Well, one of the things that totally sucks about the financial services industry is that we have a version of this - the fiduciary oath - but not every advisor is required to take it.
Unfortunately, as it stands right now, many advisors are only required to make sure the products they sell you pass the suitability test, which means as long as the product meets your goals and risk tolerance, they can present a more expensive product to you as long as they give you disclosures about fees. They have no obligation to tell you about the less expensive, better option. YES, this how it is right now.
One of the top 10 questions that shows up on every “what should you ask an advisor list” is: “Are you a fiduciary?” Seems simple enough, someone tells you yes or no and you can move on.
But wait! There's more.
In this industry, you have the option to be something called "dually registered." Stay with us here. All financial advisors are required to register with FINRA (the organization that regulates financial firms and individuals) if they want to give financial advice or sell financial products.
You can register as a "Registered Broker" or as an "Investment Advisor."
Registered brokers are the advisors who sell products and receive commission for selling these products. They are not required to be fiduciaries and are only held to the "suitability" standard we talked about above. Investment advisors are required to be fiduciaries. Cool cool cool.
("Broker registration on FINRA broker check)
("Investment Adviser" registration on FINRA broker check)
Here's the wrinkle - financial advisors can choose to be registered as brokers and investment advisors - dually registered. This means they can technically say "yes" to the fiduciary question because they are an investment advisor, but sometimes--specifically when they are trying to sell you a financial product--they don't have to be a fiduciary in that moment. wtf.
(dually registered as a "Broker" AND "Investment Adviser" on FINRA broker check)
As clients, as consumers, we have a right to assume that the professionals handling our finances have our best interests at heart.
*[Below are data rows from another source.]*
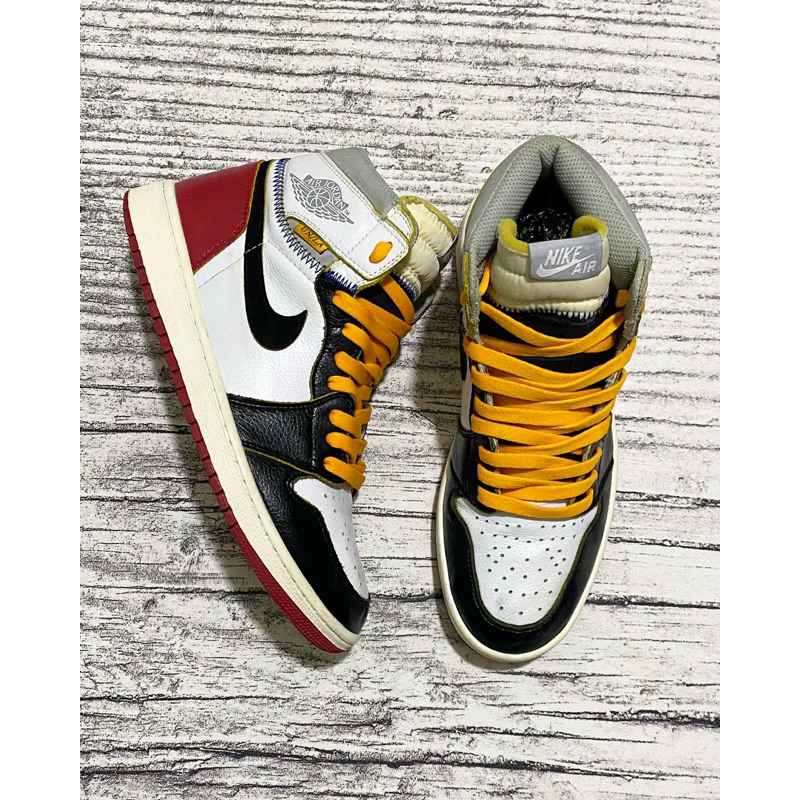 Sepatu Nike Air Jordan 1 Retro High Union Los Angeles ‘UNLA’ Black Toe Second - Size 43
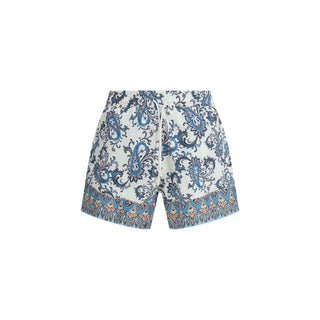 Multicolor Polyester Shorts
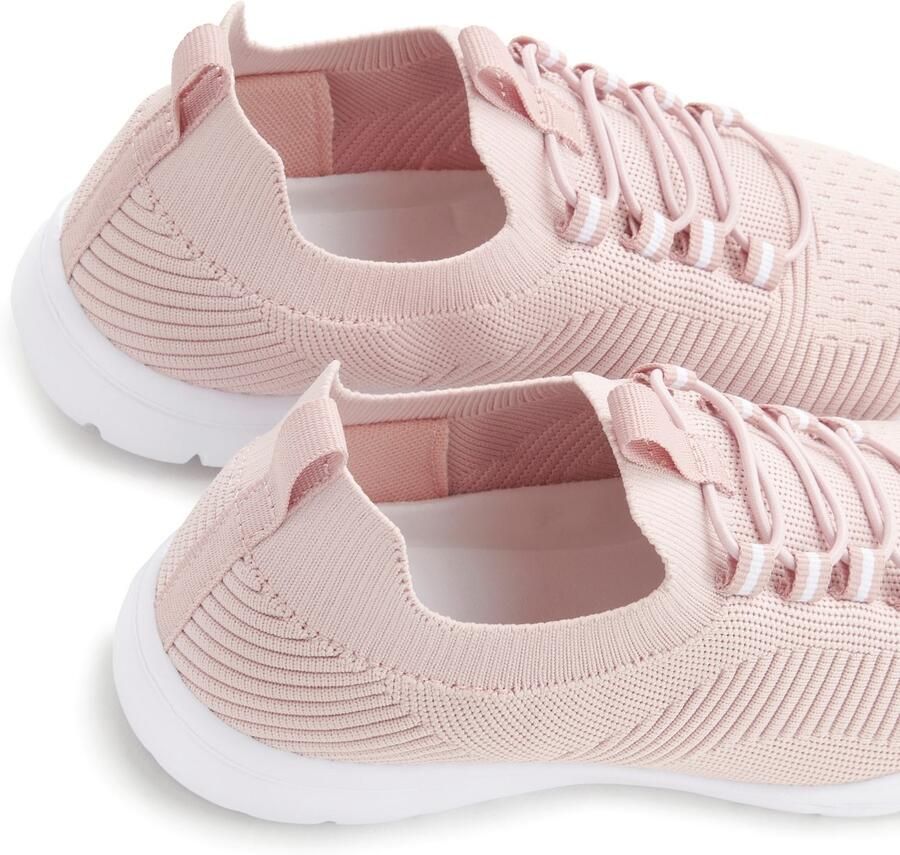 Vivance Sneakers Vrijetijdsschoen lage schoen superlicht om in te stappen met elastische veters vegan - Foto 2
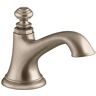 KOHLER Artifacts 5.375 in. Bathroom Sink Spout with Bell Design, Vibrant Brushed Bronze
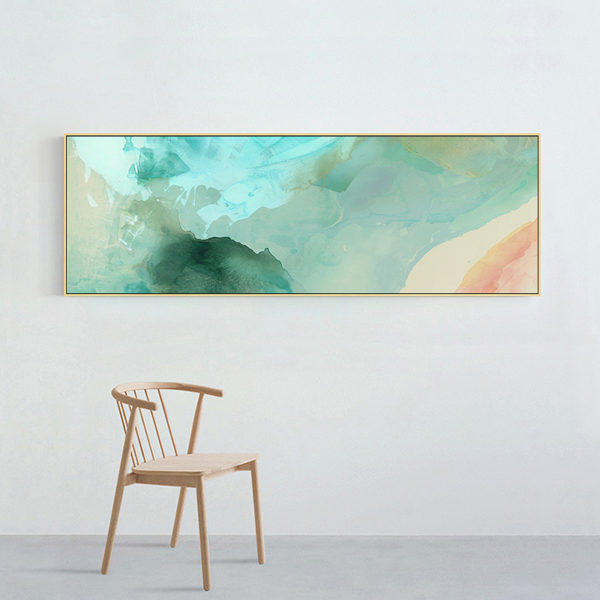 Wall Art - Watercolour Green II - Canvas Prints-Poster Prints - Image 2
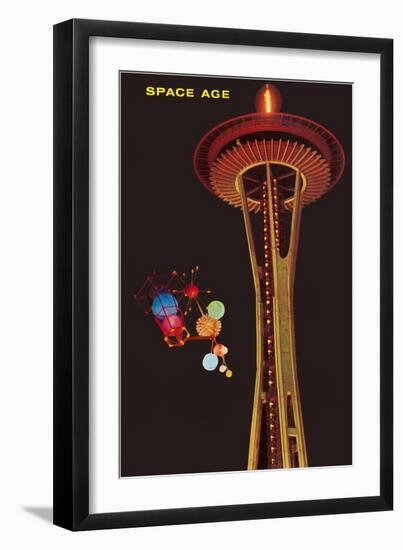 Space Needle, Seattle, Washington-null-Framed Art Print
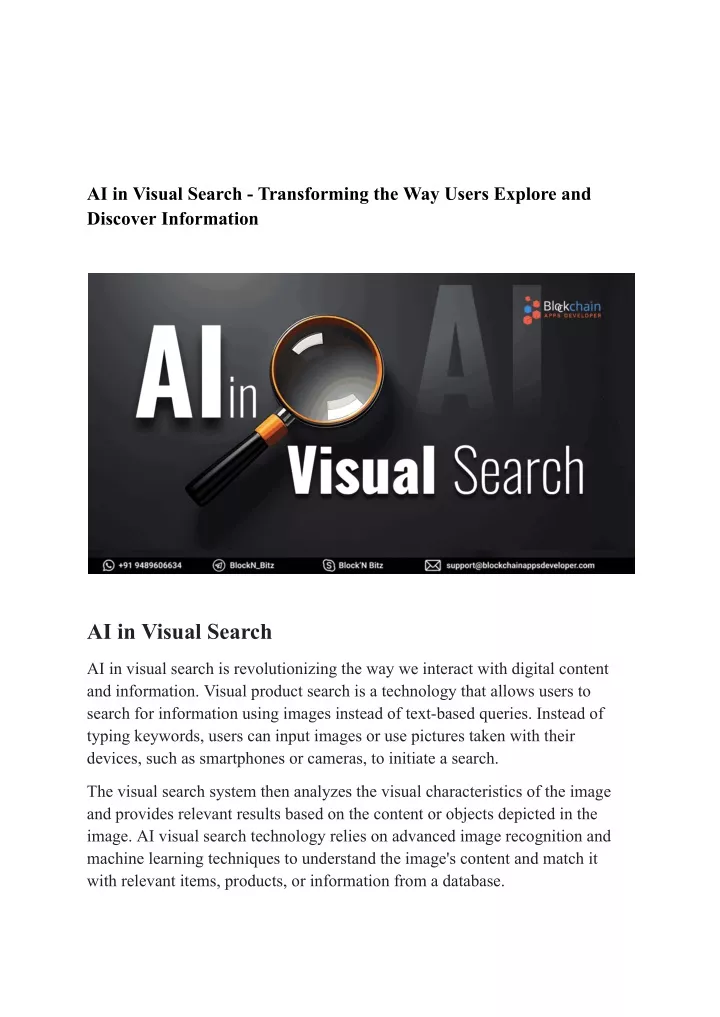ai in visual search transforming the way users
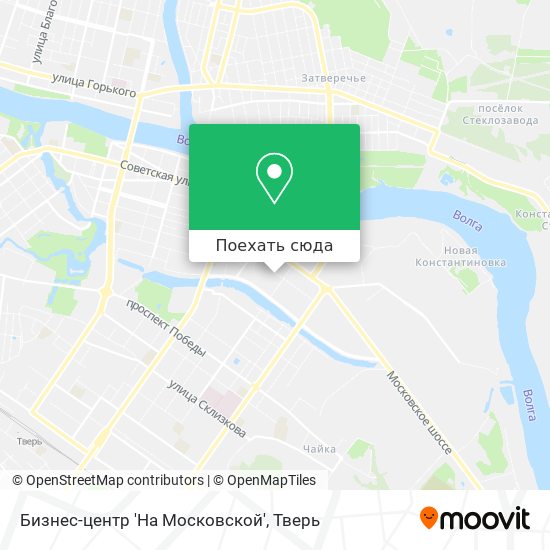 Карта Бизнес-центр 'На Московской'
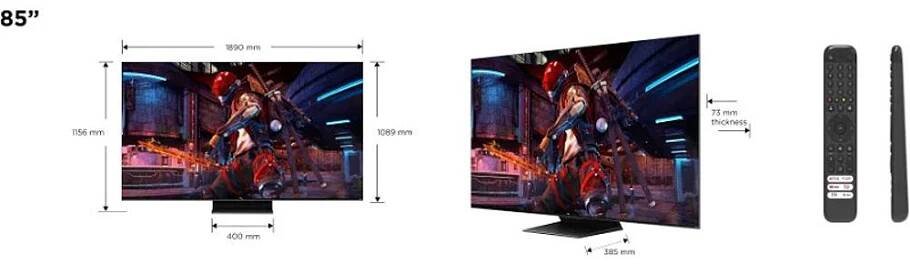 TCL 85C745 QLED | ExaSoft.cz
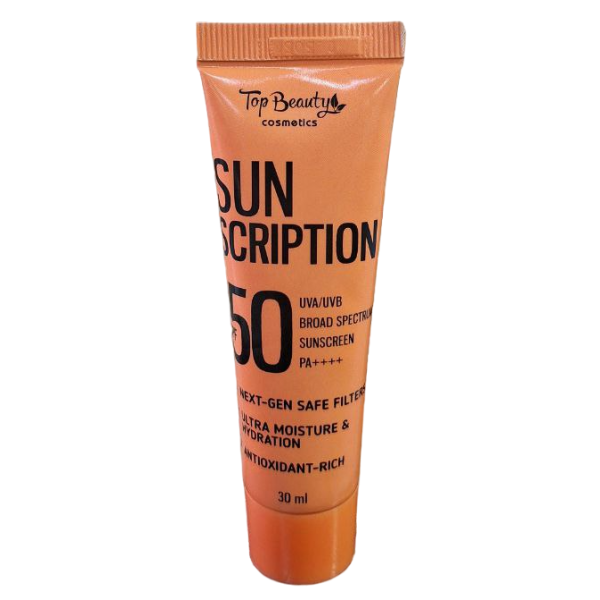 Сонцезахисний крем для обличчя Top Beauty Sun Scription SPF50 PA++++ зволожувальний 30 мл (185587)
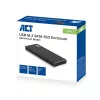 SSD enclosure ACT M.2 USB 3.2 Gen1 Black 5 Gbit/s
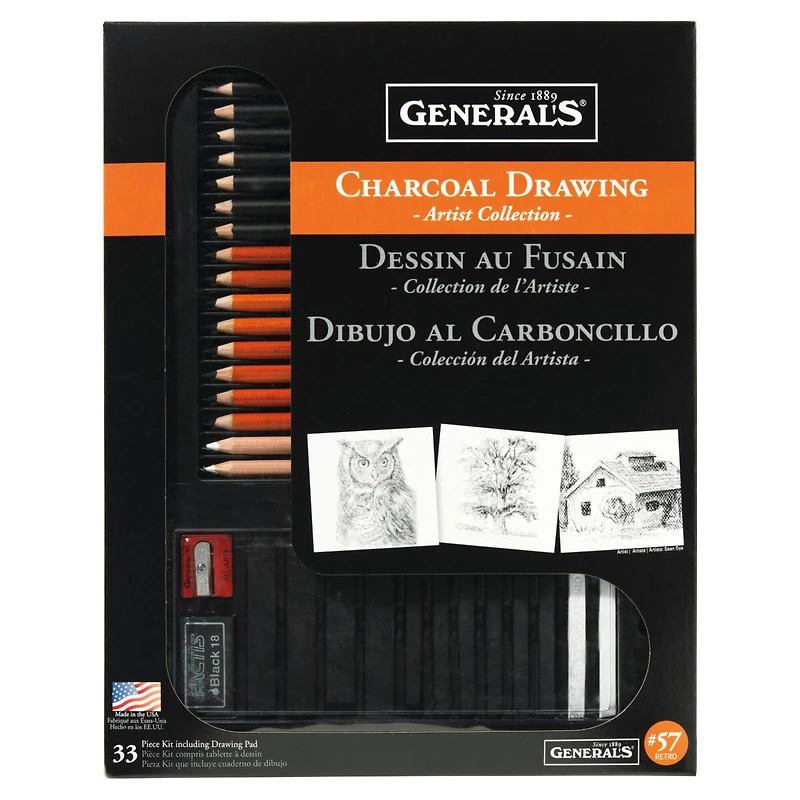 General's® Charcoal Drawing Pencil Set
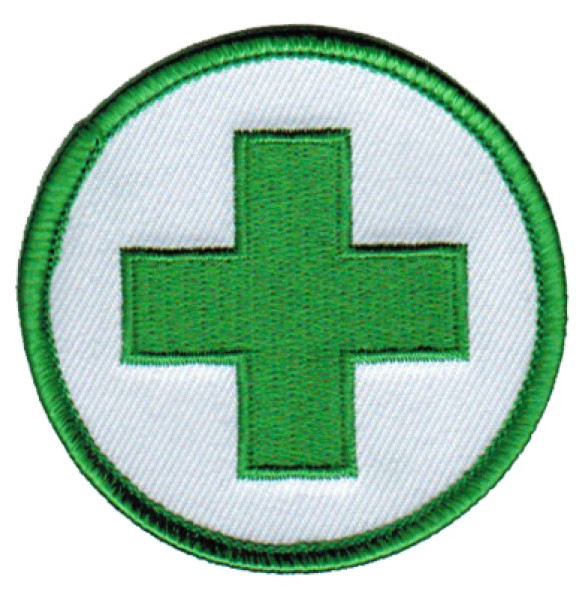 Distintivo ricamato Croce Verde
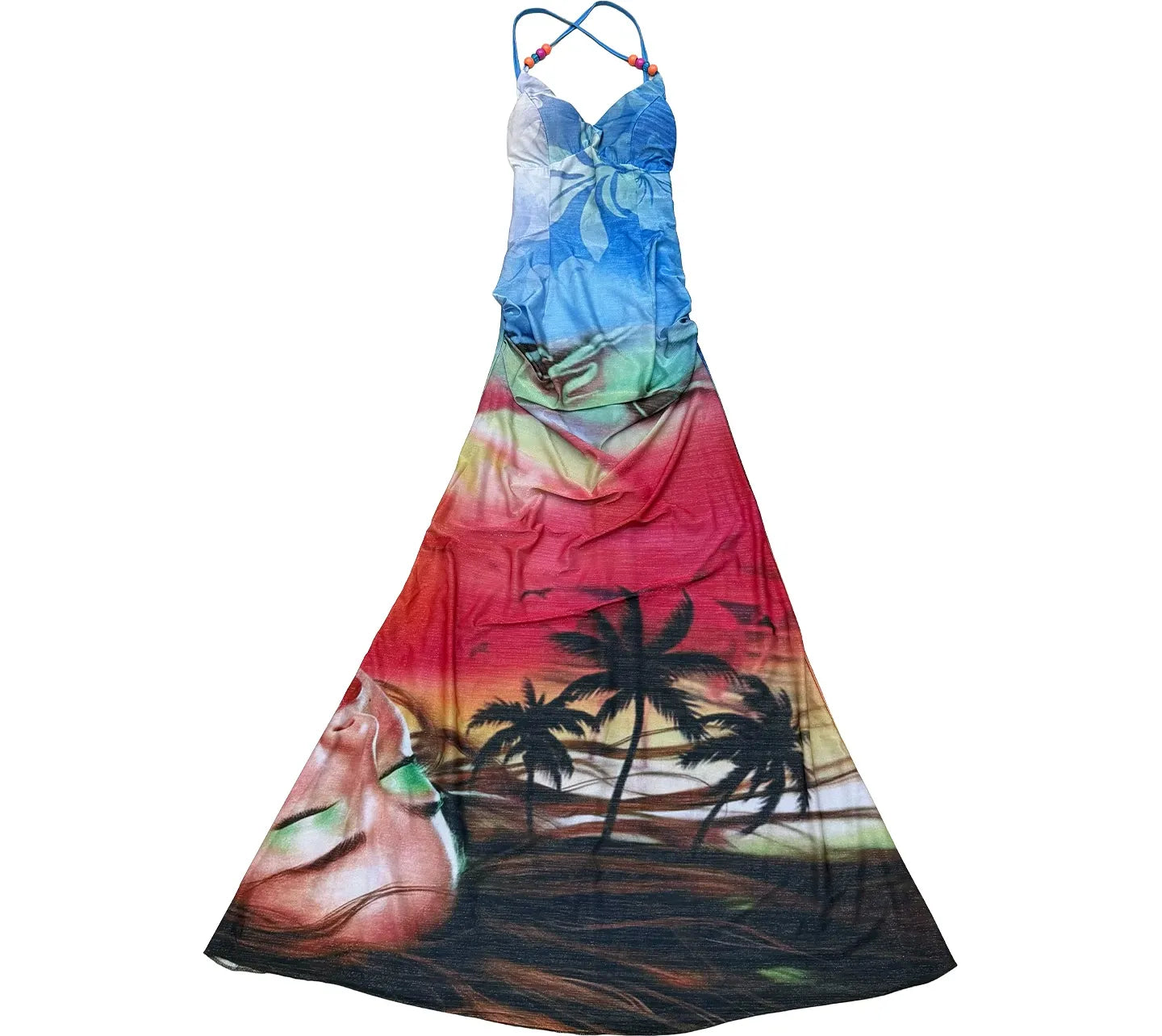 Gradient Beaded Cami Dress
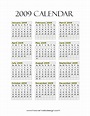5 Best Images of Free Printable Year Calendar 2009 - 2009 Calendar ...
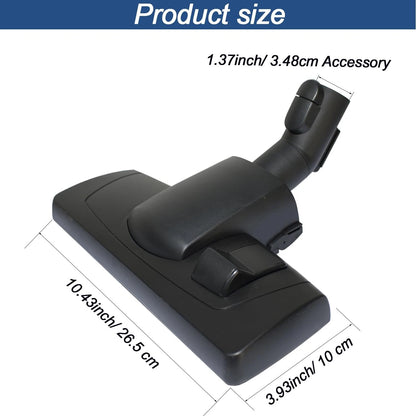 Replacement Vacuum Head Compatible with Miele 35MM Connection, Black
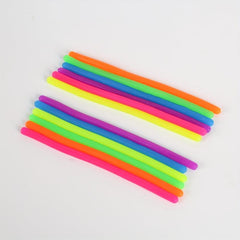 12pcs Stress Relief Toy Anti Fidget Soft Glue Elastic Rope Anti Anxiety Gift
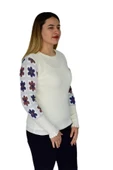 Kadın Triko Papatyalı Kazak BGL-ST03357 thumbnail 7
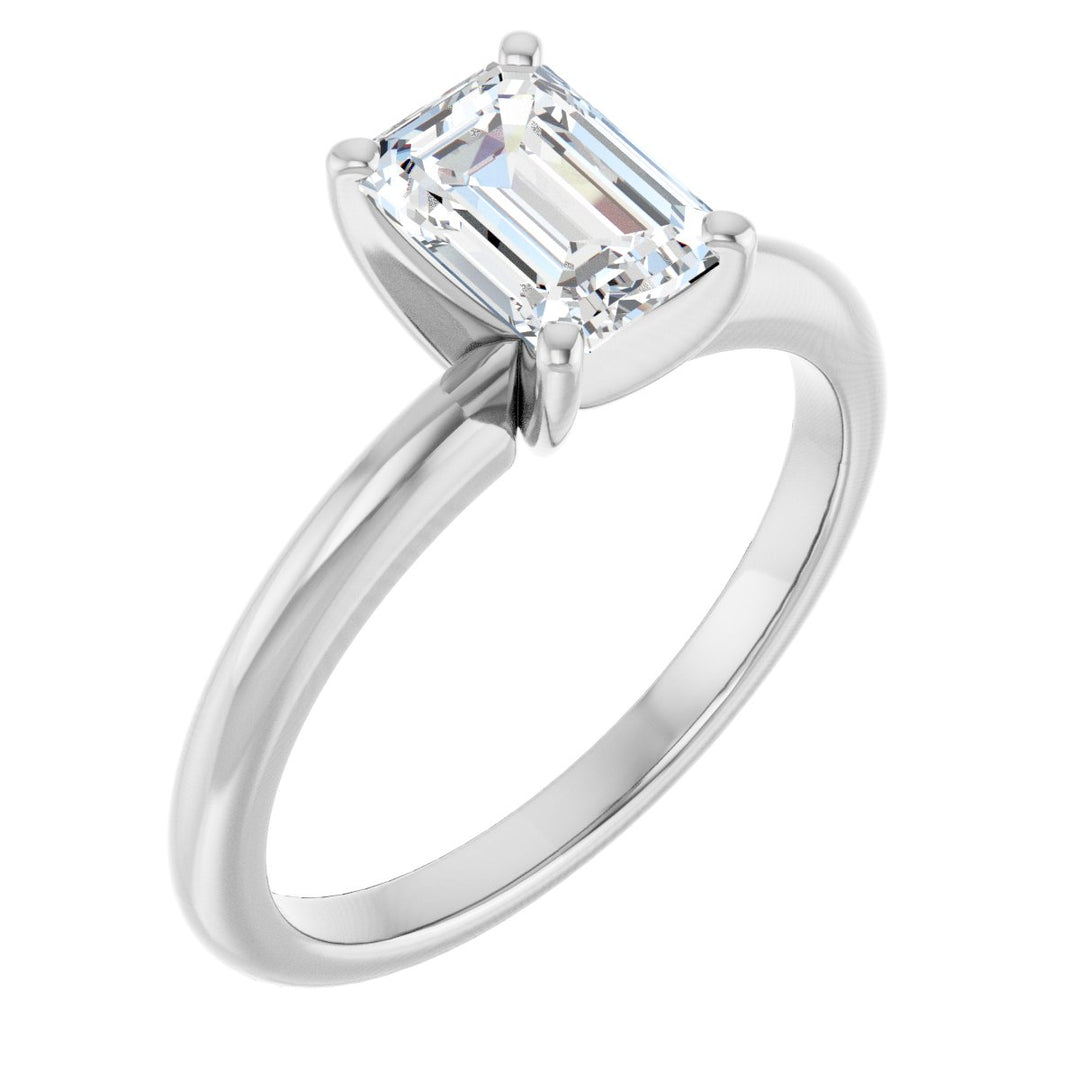 14K Gold 3/4-2 1/2 Carat Luxury Lab-Grown Diamond Engagement Ring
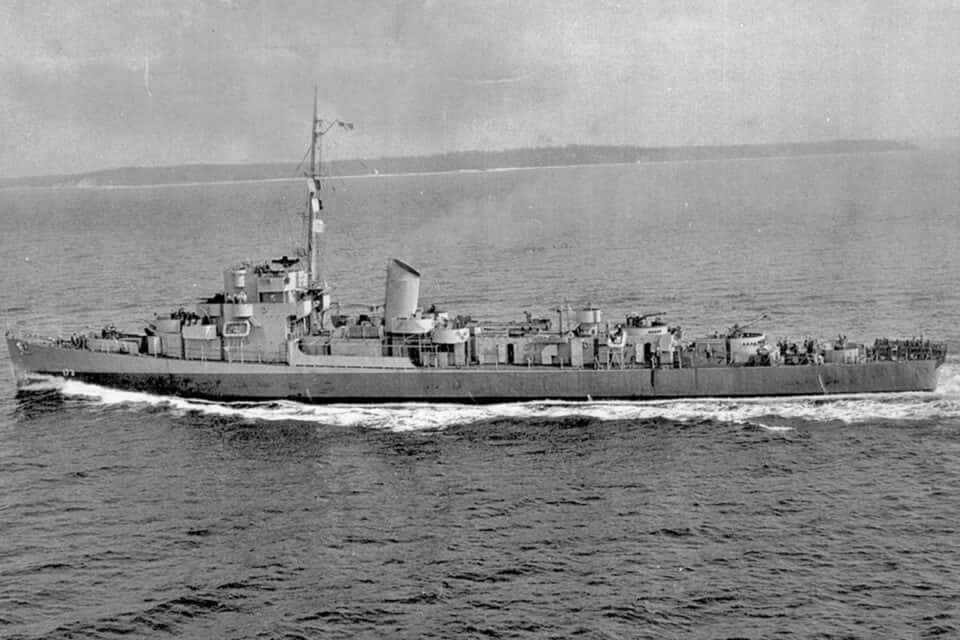 WWII destroyer USS Eldridge: guinea pig in teleportation experiment? (US Navy)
We shouldn’t have to ask if someone is going to screw us over or not and if someone does, it shouldn’t be our fault that it happened. But alas, here we are.
Please make sure you ask any financial professional who you plan to have a transaction or relationship with, and if they don’t know how to answer that question, find someone else. You can also check for yourself on FINRA's Broker Check (https://brokercheck.finra.org/)and see how they are registered.
So yes, we are fiduciaries because that’s the f*cking right thing to do and we are also truly appalled that the industry hasn’t made this standard across the board.